Who the Heck is Patrick McHenry?

And what does he think about the environment?

Patrick McHenry has been Speaker pro tem with limited powers, but there’s talk about trying to bump him up, giving him full power as Speaker for a limited time so the House can get back to work. That might be just a flash in the pan, but he turns out to be interesting enough to write about either way.

I guess the first thing we know about Patrick McHenry is that one of his parents had an interest in U.S. history and a sense of humor.  Also, he’s from North Carolina.  But where does he stand, and in particular, where does he stand on environmental issues?

As usual, I’ll begin with his League of Conservation Voters (LCV) scores — 5% in 2022, 6% lifetime. Both scores need interpretation. I’ve noticed that many Republicans had very low scores in 2022 — zeroes in a number of cases. So the 5% may actually be a decent score by comparison. The lifetime score also needs interpretation.  Until 2018, McHenry was averaging something below 1%. But in 2018 he scored 9% and by 2021 the score was 17%, which seems quite high for a House Republican these days.
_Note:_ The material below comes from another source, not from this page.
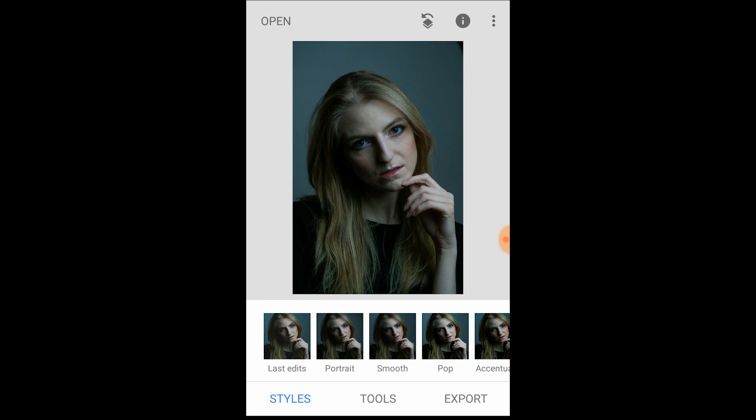Hey there guys, welcome to another Krytan Photography video. Today I'm going to be showing you how I edit my portraits using Snapseed.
Also somewhat unusually for a House Republican, his webpage has positive remarks about environmental protection. His webpage even has an environmental tab:

“Congressman McHenry appreciates the natural beauty of the United States, and western North Carolina is home to some of America’s most breathtaking scenery. It is important to provide adequate protections for our natural treasures.

“Congressman McHenry helped to pass legislation to permanently reauthorize the Land and Water Conservation Fund (LWCF) and was a strong supporter of the Great American Outdoors Act. This legislation fully funds the LWCF and provides $9.5 billion over five years to repair and maintain our national parks. Congressman McHenry was proud to vote in support of this bipartisan initiative to safeguard funding for our nation’s public outdoor facilities and provide recreational opportunities to all Americans.”
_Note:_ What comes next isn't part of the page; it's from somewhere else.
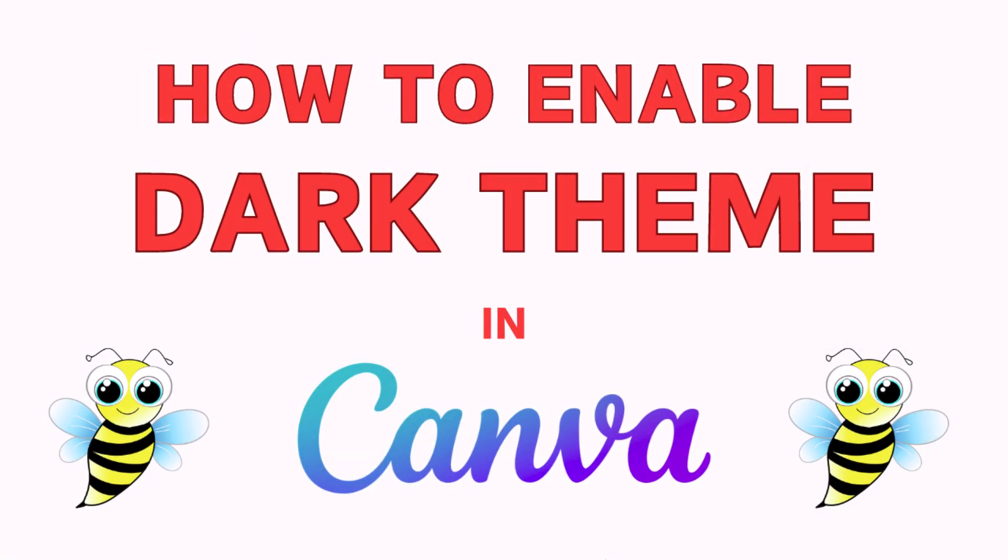This is a video tutorial on how to enable dark theme in Canva. I will be using the browser version on a desktop PC for this.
Less happily, he then adds a sentence on the need to reform the culture of EPA so it stops being “punitive and putting good people out of business.”

The energy tab on the website is even more encouraging. It starts like this:

“Congressman McHenry has supported an American energy policy that is balanced between conserving energy, investing in alternative energy sources, and continuing to use America’s abundant energy resources. One day, America will be powered by alternative energy—and Congressman McHenry is working to make that happen—but until then, we must use American oil and natural gas to power the American economy and bring down energy costs for American families.”
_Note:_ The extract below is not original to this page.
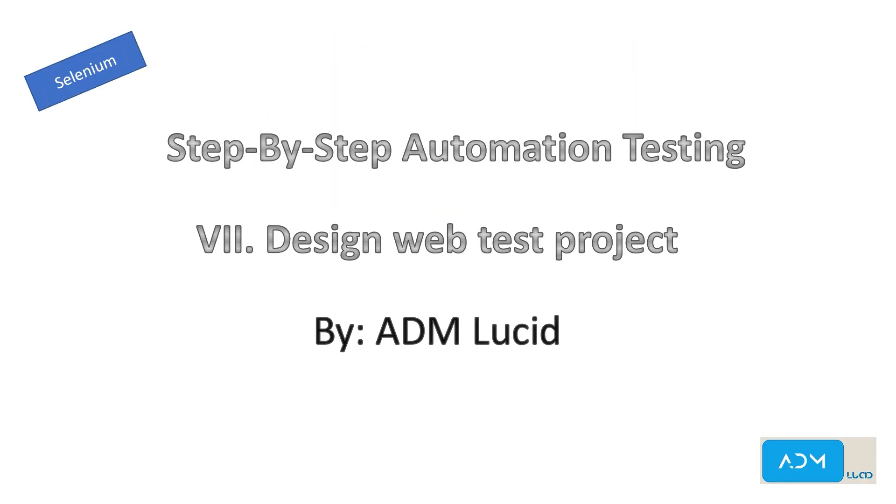Welcome to our ADM Lucid Automation Testing channel. We will have a series of talks about Selenium Automation Testing which will help you better understand the basics of Selenium and also guide you to build your step-by-step project.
The sentence after this reads: “McHenry has been a tireless supporter of western North Carolina’s growing solar energy industry. North Carolina is the second largest producer of solar energy in the United States and the Tenth District is home to seventeen solar energy companies, ranging from development to production.”

McHenry then goes on to say that he is a co-sponsor of the Better Energy Storage Technology (BEST) Act, which he says “makes great strides in revolutionizing energy storage and U.S. electricity markets by updating grid scale technologies, which will make grid storage more widely available.” Finally, although he opposes fracking bans, he supports a plan to invest revenue from fracking into R&D for solar, wind, nuclear, and hydroelectric.

Oh, and by the way, he didn’t vote to overturn the 2020 election.

Seems almost too good to be true.

Postscript: Maybe it was too good to be true. When this posted at around 8AM Pacific Time, Jim Jordan had just endorsed the idea of empowering McHenry until a new speaker was chosen. The Republicans then held an acrimonious meeting, and by noon Pacific Time people were saying the idea was dead. Sic transit gloria mundi.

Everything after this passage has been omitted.